5) ADB’s Exploitation of Labor

  • We have experienced that ADB and private companies do not respect labor rights as it has allowed violations of labor standards throughout its projects. This is particularly seen in the example of the Philippines wherein water districts are either privatized or closed off without due consultation with local officials, unionized workers, and local communities.  Therefore, we demand ADB to bring back services to the public sector and introduce more innovative measures of public to public or public to people partnerships on the delivery of public goods and utilities.
  • ADB has still failed to implement Core Labor standards, which has led to fundamental rights violations. Those violations cannot be challenged in the local court systems due to the ADB’s immunity. Therefore, we demand ADB to respect the ILO core labor standards in all its operations and also to stop using the immunity to escape charges of labor rights violations.

6) Social Inclusivity and ADB’s Impacts on Vulnerable Groups

  • There is no genuine participation for vulnerable communities in ADB operations. ADB has no genuine effort at bringing the consultations down to vulnerable groups such as women, the disabled, and indigenous peoples.

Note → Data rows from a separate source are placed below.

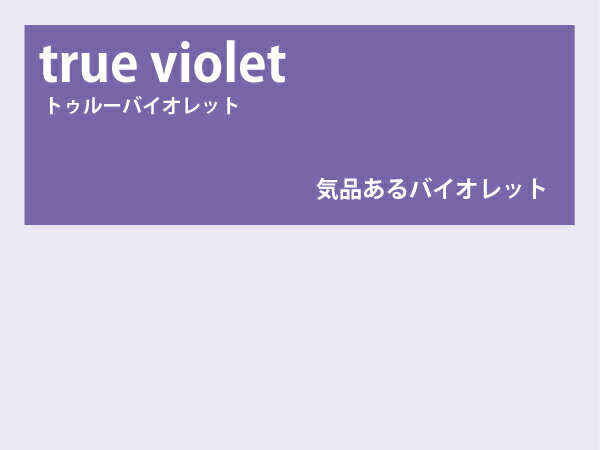 ■品名 【オプション】カラーレンズ「トゥルーバイオレット」＜グラデーション＞ ■品番（管理番号） LENS-TRVI-G ■濃度 【15G】15%-視感透過率（幾何学中心）87(90)％−夜間運転適合 【25G】25%-視感透過率（幾何学中...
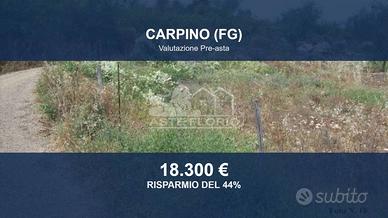 Immobile in asta di 10848 m² a Carpino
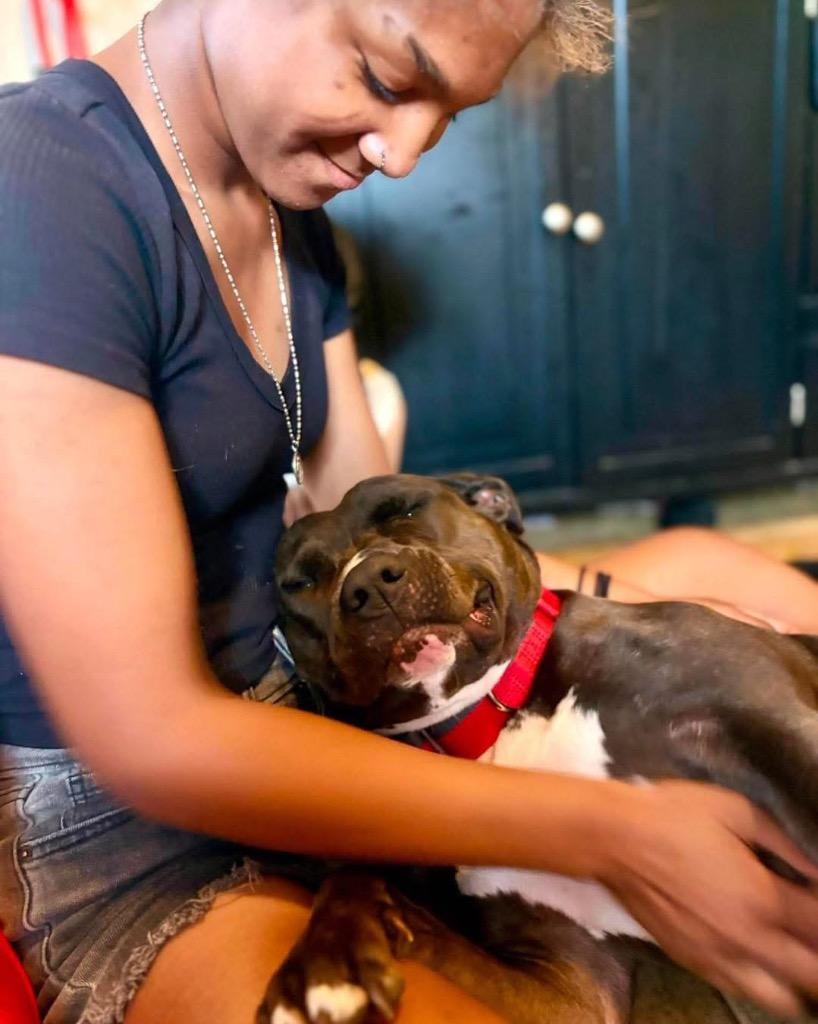 Diamond, Adoptable, Young Female Pit Bull Terrier.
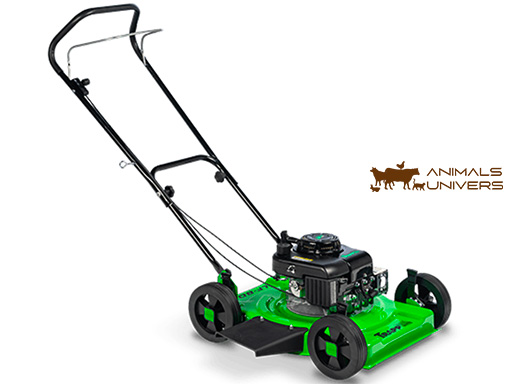 LF - 80 G TONDEUSE À GAZON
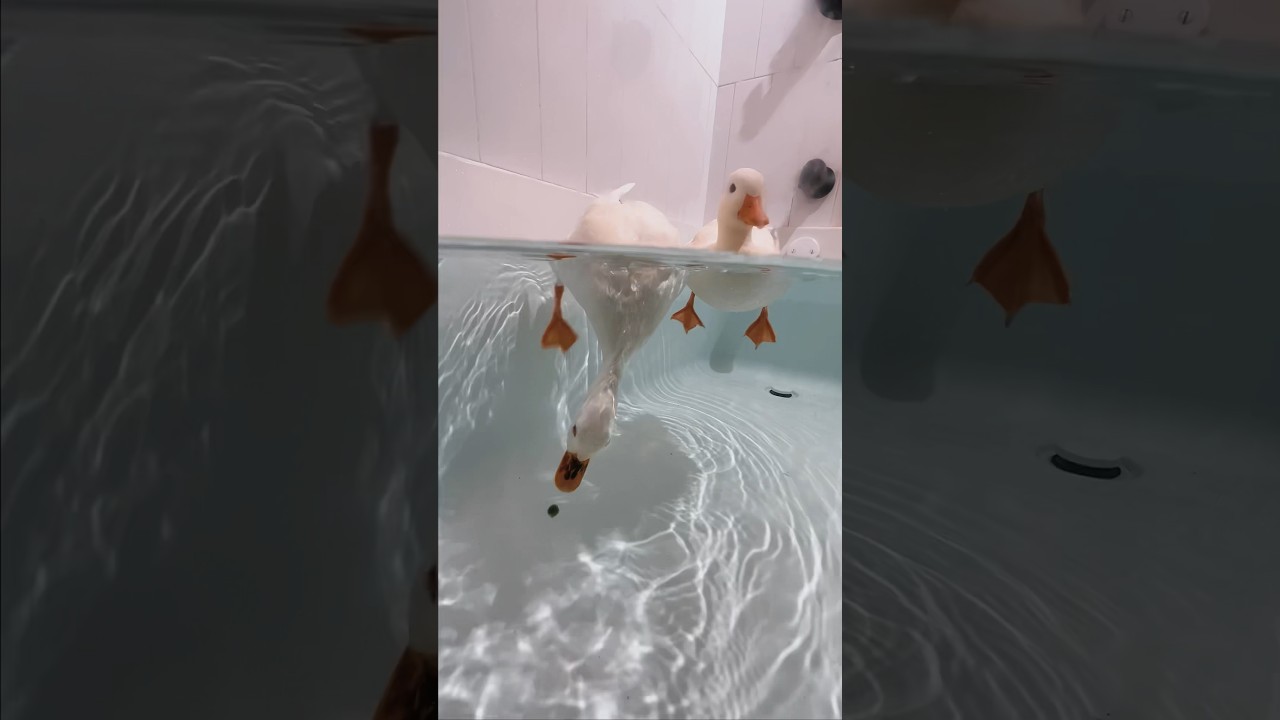 Patos betyder 2025: 7 kraftfulla exempel för att förstå det 7 patos betyder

Particularly in the case of People with Disabilities, ADB has very little mechanism that enforces empowerment and accessibility.
  • Women are more vulnerable to poverty due to relocation projects. Indigenous people also experience violations of their rights rather than the promotion of their welfare particularly in the areas of ancestral domain. Of particular concern are consultations with communities where there have been cases of coercion (militarization). In some situations, CSOs have been labeled as communists, terrorists, and militants illustrating the targeting of critical voices leading to the shrinking of democratic space.   
  • Therefore, we demand that this should be addressed by looking into the “Road to 2030 strategy” of the ADB and putting a stronger emphasis on pursuing the full range of human rights and allowing democratic space for dialogue.   

Asian Peoples Call on Challenging ADB’s Immunity

We further declare that the struggles and evidences above demonstrate that the ADB has failed miserably in its responsibilities to the people of Asia and has no ground to retain its immunity. It is time to call out ADB’s false Immunity claim everywhere across Asia. It has betrayed its trust as a development partner to the borrowing governments and their people and should be held fully responsible for all its actions and impacts.

Therefore, we, the Asian Peoples, call on our governments and people’s representatives to strip ADB’s Immunity and hold it accountable for all its actions against our dignity, our rights, our sovereignty and our mother earth.